• **ASSIGNMENT**: Transcribe each line below verbatim; pictures excluded.

• **PROVIDED MATERIAL**:
◆ ◆ ◆ ◆ ◆ ◆ ◆

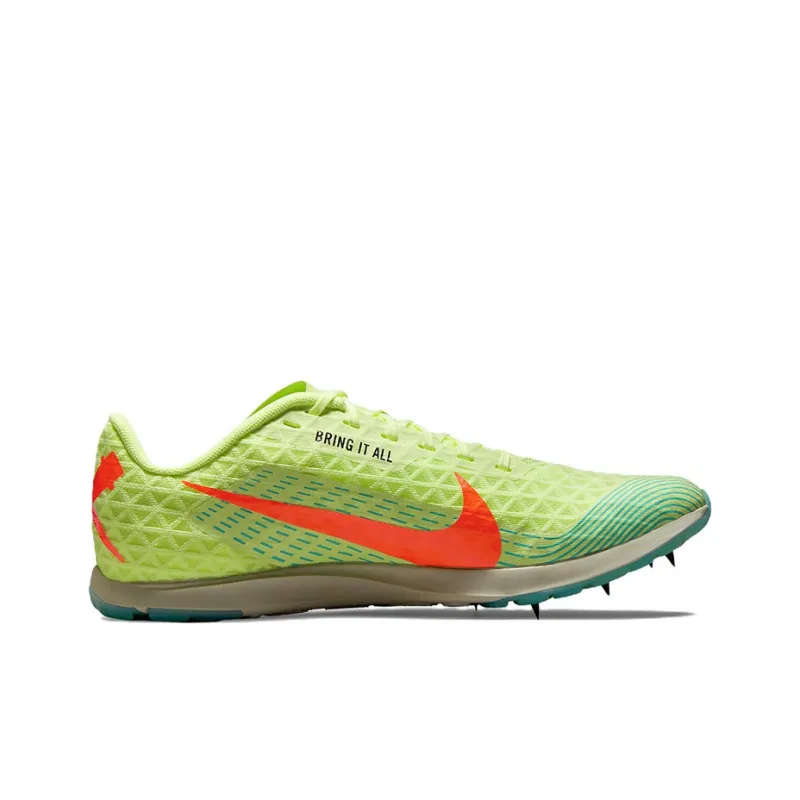 Nike Air Zoom Rival Xc Spikes 5 'Barely Volt Hyper Orange'-1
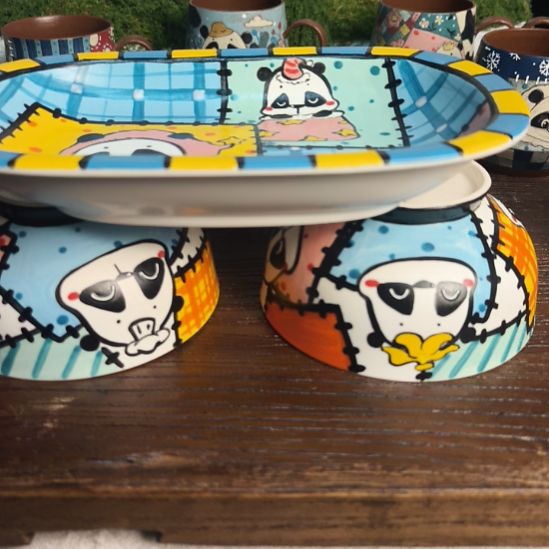 温***雅陶景德镇原创设计陶瓷杯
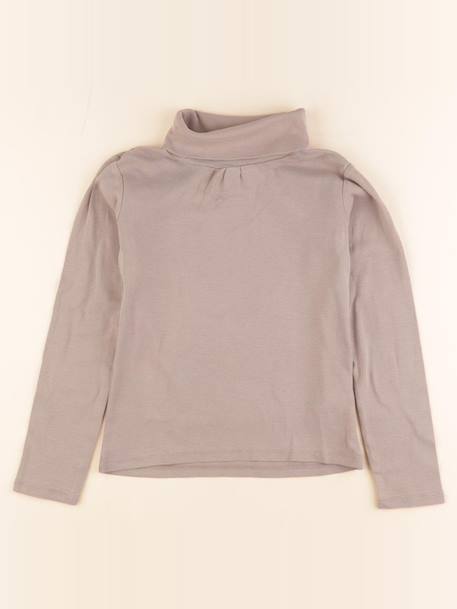 Sous-pull - 10 ans Beige 1 - vertbaudet enfant 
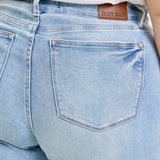 Laurel High Rise Rigid Magic 90's Straight Jeans - PLUS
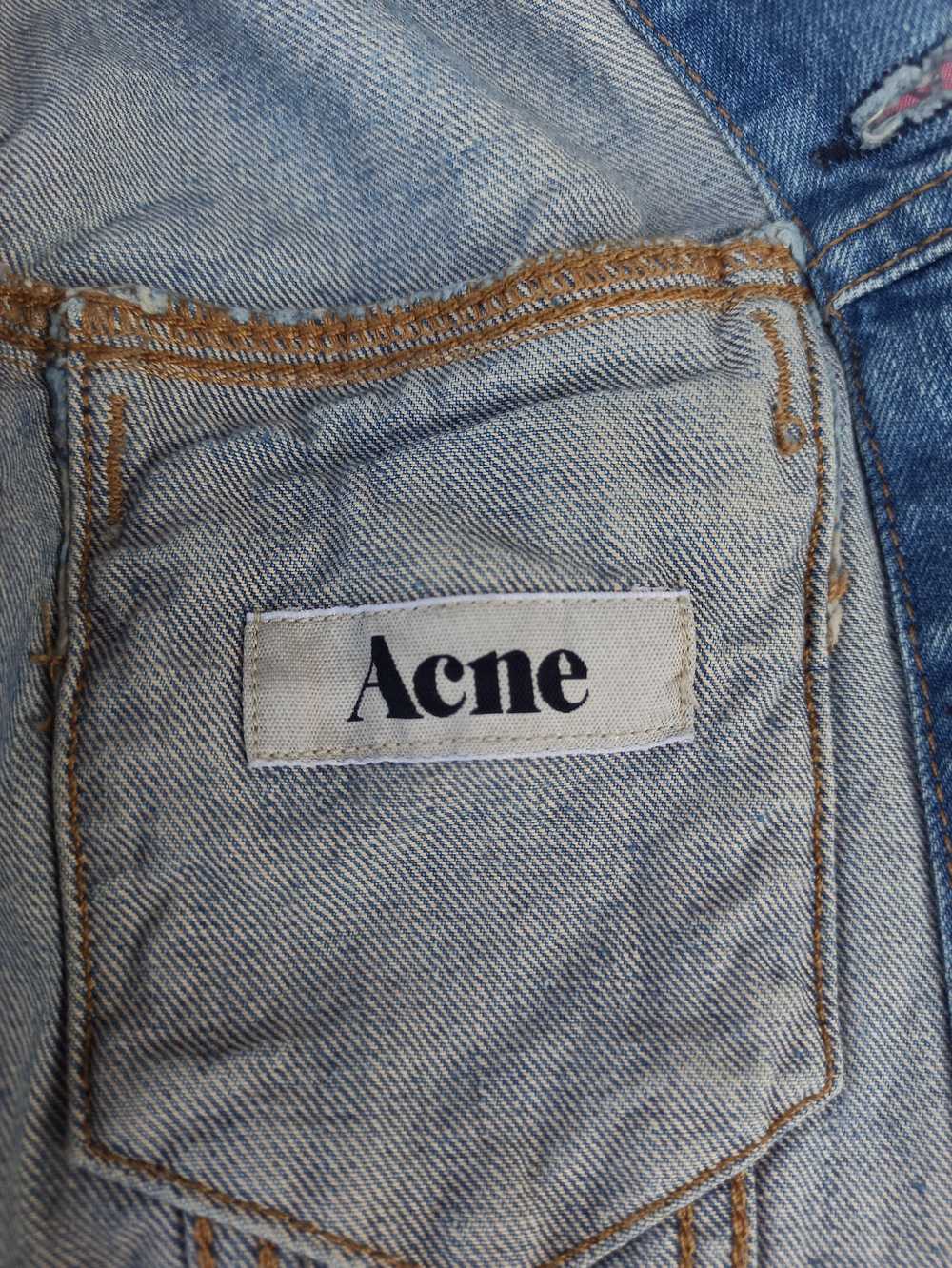 Acne Studios × Archival Clothing × Distressed Den… - image 7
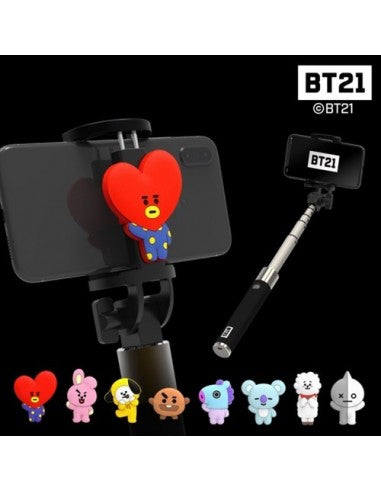 [BT21] BTS BT21 Goods - Selfie Stick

◆ ◆ ◆ ◆ ◆ ◆ ◆

• **WRITTEN SOLUTION**:
 Nike Air Zoom Rival Xc Spikes 5 'Barely Volt Hyper Orange'-1
 温***雅陶景德镇原创设计陶瓷杯
 Sous-pull - 10 ans Beige 1 - vertbaudet enfant 
 Laurel High Rise Rigid Magic 90's Straight Jeans - PLUS
 Acne Studios × Archival Clothing × Distressed Den… - image 7
 [BT21] BTS BT21 Goods - Selfie Stick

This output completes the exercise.